Mängel im Schulsystem können von den Hochschulen nicht ohne Weiteres ausgeglichen werden Wie schon in den vergangenen Jahren belegt auch die heute veröffentlichte OECD-Studie „Bildung auf einen Blick 2007“, dass grundsätzliche Probleme im deutschen Schulsystem bestehen. Hierzu erklärte heute der hochschulpolitische Sprecher der SPD-Landtagsfraktion, Mathias Brodkorb, in Schwerin: „Anlass für die Kritik an Deutschland sind immer wieder die Studienanfängerquoten. Während in der BRD 36 % eines Jugendlichenjahrgangs ein Studium aufnehmen, sind es im OECD-Mittel 54 %. Deutschland weist daher auch dann einen Rückstand gegenüber dem internationalen Durchschnitt auf, wenn man unterschiedlich strukturierte Bildungsgänge in Deutschland und dem Ausland berücksichtigt.“
Jedoch könnten diese Probleme nicht allein durch das Hochschulsystem behoben werden. Sie seien vielmehr hauptsächlich das Ergebnis einer falschen Weichenstellung im Schulsystem: „Über die Frage, wie viele junge Menschen studieren, wird zu einem großen Teil bereits mit dem Abitur in den Schulen entschieden. In Deutschland herrscht jedoch ein Schulsystem vor, in dem eine Kultur des Abschiebens und nicht der individuellen Förderung des einzelnen Schülers im Vordergrund steht. Im Ergebnis müssen wir uns dann nicht wundern, dass die Begabungsreserven unserer Gesellschaft völlig unausgeschöpft bleiben und der Zugang zu Bildung in Deutschland zu den ungerechtesten der Welt gehört.
In der letzten Legislaturperiode wurde in Schwerin mit dem Längeren gemeinsamen Lernen ein erster Schritt unternommen, hier eine Wende an den Schulen des Landes einzuleiten. Die SPD steht nach wie vor dafür, diesen Weg fortzusetzen. Jedoch gibt es hierfür in der Koalition derzeit keine Mehrheit. Allerdings müssen sich auch die Hochschulen mehr als bisher für Studierwillige ohne formale Hochschulzugangsberechtigung öffnen“, so Brodkorb weiter.

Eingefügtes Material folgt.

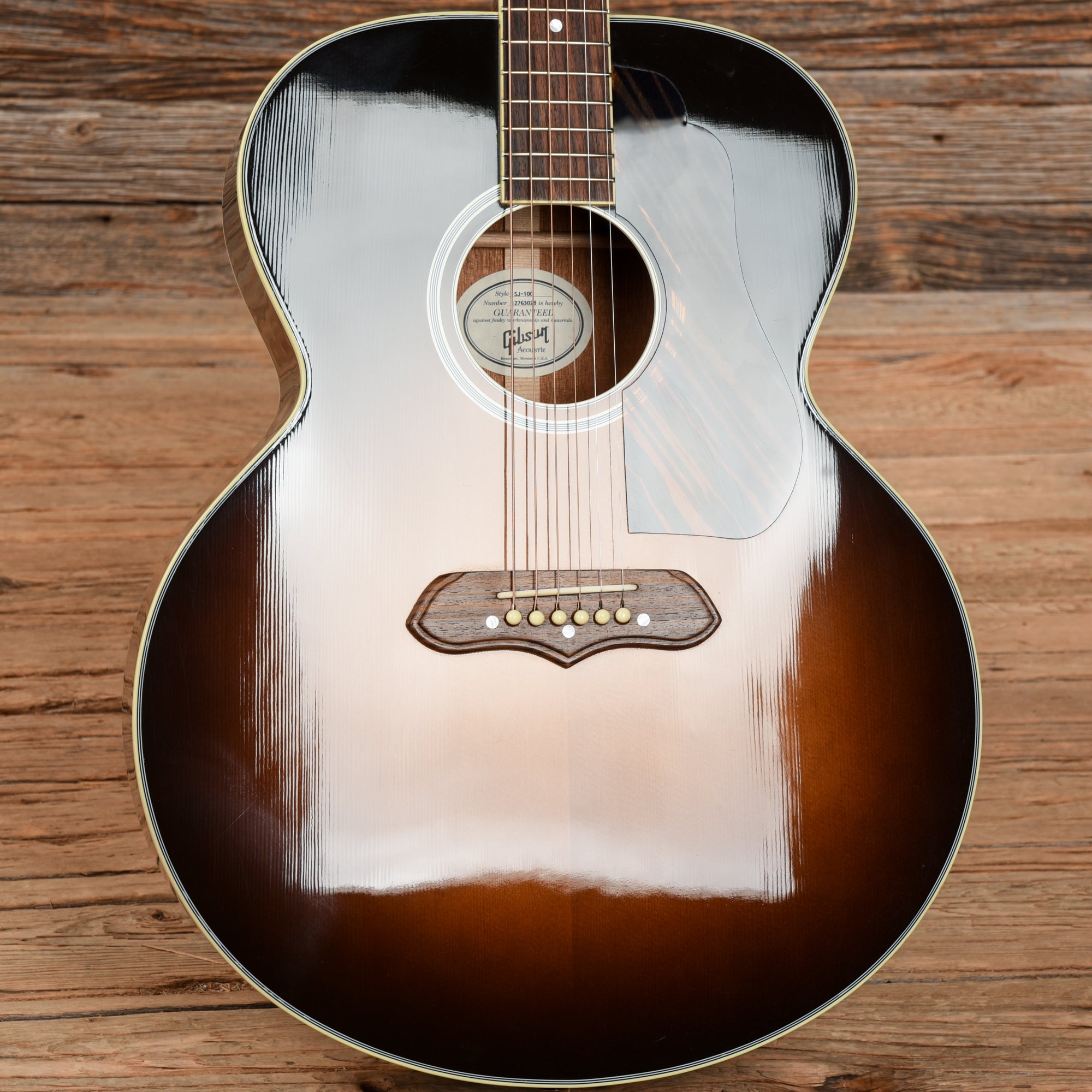 Gibson J-100 1941 Reissue Sunburst 2013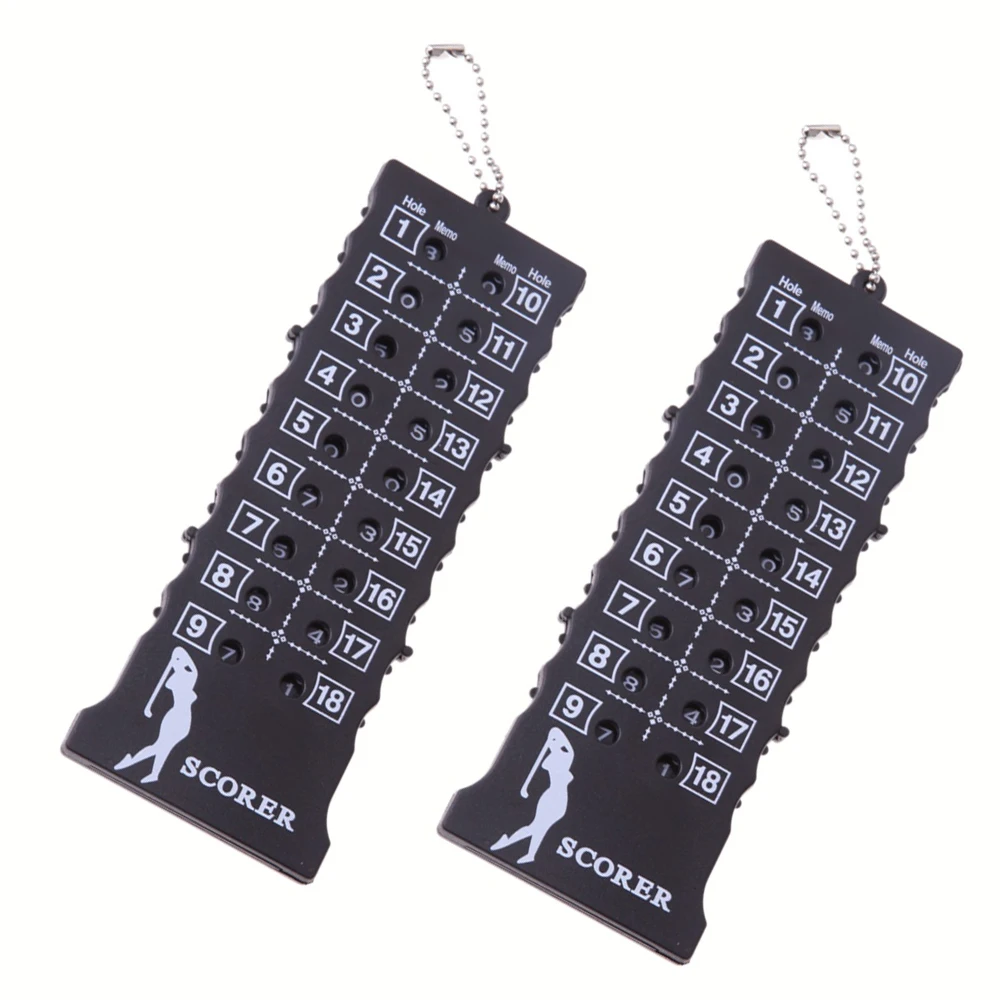 18-Hole-Golf-Stroke-Putt-Score-Card-Counter-Indicator-with-Key-Chain-Golf-Score-Counter-Black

Die neuerliche Finanzdebatte, dass Deutschland derzeit zu wenig in Bildung investiere, sieht Brodkorb in dieser undifferenzierten Form jedoch nicht als berechtigt an. Hierzu Brodkorb: „Es ist unbestreitbar, dass es in manchen Bereichen Engpässe gibt, aber insgesamt ist es nicht richtig, dass das deutsche Bildungswesen unterfinanziert ist. Während der Europäische Durchschnitt etwa 5,4% seiner Wirtschaftsleistung in Bildung investiert, sind es in Deutschland mit 5,2% nur etwas weniger. Es gibt teilweise enorme Ineffizienzen im Bildungssystem, z.B. sehr hohe Abbrecherquoten an den Hochschulen. Noch mehr Geld und noch mehr Studienplätze führen ohne Strukturreformen folglich zu noch mehr Abbrechern. Das ergäbe wenig Sinn.
Es muss auch möglich sein, über innere Reformen und Qualität zu diskutieren – gerade in der Bildung. So ist die geringere Finanzausstattung der deutschen Hochschulen gegenüber anderen Ländern wie Finnland ausschließlich durch sehr viel weniger Studierende zu erklären. Auch haben die meisten Länder eine deutlich höhere Geburtenrate und folglich größere Finanzbedarfe als Deutschland.
Ein Problem gibt es aber unbestreitbar in den Schulen: Während Finnland hier vor allem in die ersten Klassen investiert und dann die Förderung schrittweise absenkt, machen wir es in Deutschland genau umgekehrt. Wer sich erfolgreich durch die Grundschule und die ersten Jahre der weiterführenden Schule gekämpft hat, wird mit einer im internationalen Vergleich gut ausgestatteten Oberstufe belohnt. Dass bei dieser Strategie viele auf der Strecke bleiben, sollte nicht überraschen“, so Brodkorb abschließend.